Possible orders include:

(1) mouseover -> mouseenter -> mousemove
(2) mousenter -> mouseover -> mousemove
(3) mousemove -> mouseover -> mouseenter

The spec suggests (non-normatively, AIUI) order (1). According to [1] (and some of my own testing), Gecko uses order (1). Opera uses order (2), which is IMO the most logical. IE uses order (3). Chrome and Safari could use either order (1) or order (2), as neither currently fires the mouseenter event. (I'm told a patch has recently landed for Chrome support, but I haven't verified what order that implements.)

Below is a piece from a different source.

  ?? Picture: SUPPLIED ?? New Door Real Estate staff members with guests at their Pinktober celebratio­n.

Interestingly enough, Opera seem to agree that the canonical order for the reverse is (4):

(4) mousemove -> mouseout -> mouseleave

As before, Chrome and Opera do not fire the mouseleave event, but otherwise maintain the order in (4). I didn't test IE.

The spec should say definitively, and not just in some examples or suggestions, what the canonical order should be.

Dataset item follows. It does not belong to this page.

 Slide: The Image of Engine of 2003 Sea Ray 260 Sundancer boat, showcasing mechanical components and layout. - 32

[1] http://rodneyrehm.github.io/select-events/
Comment 1 Gordon P. Hemsley 2013-07-11 01:08:55 UTC
(In reply to comment #0)
> Interestingly enough, Opera seem to agree that the canonical order for the
> reverse is (4):
> 
> (4) mousemove -> mouseout -> mouseleave
> 
> As before, Chrome and Opera do not fire the mouseleave event, but otherwise
> maintain the order in (4). I didn't test IE.

Wow, lots of typos. That first line should say "Gecko and Opera" and that second line should say "Chrome and Safari".
Comment 2 Olli Pettay 2013-07-11 02:20:37 UTC
http://dev.w3.org/2006/webapi/DOM-Level-3-Events/html/DOM3-Events.html#events-mouseevent-event-order
and Gecko follows that.

Feel free to re-open if there is something unclear in the spec.
The order of mouseover/enter and mouseout/leave should be clear.
Comment 3 Ian 'Hixie' Hickson 2013-07-12 17:50:27 UTC
That isn't normative.
Comment 4 Gordon P. Hemsley 2013-07-16 22:24:53 UTC
The Chrome implementation is here:

http://src.chromium.org/viewvc/blink?view=revision&revision=153877

According to [1], Chrome seems to use order (2) from comment 0 for the entry (like Opera), but order (5) below for the exit:

(5) mouseleave -> mouseout

(I didn't test this myself, so I don't know where 'mousemove' falls into the order.)

[1]: http://src.chromium.org/viewvc/blink/trunk/LayoutTests/fast/events/mouseenter-mouseleave-expected.txt?pathrev=153877
Comment 5 Gary Kacmarcik 2013-10-23 13:51:14 UTC
I've updated the text in the ED to mark the
   over - enter - move - out - leave
order as normative.

FF and IE both use the above order.

IE also has a single extra move before the over, which we are having them investigate. We believe that it is there to work around some issues with touch devices, but we'll track that as a separate issue if needed.

Safari 6.0.5 and Chrome 29 don't yet have enter/leave.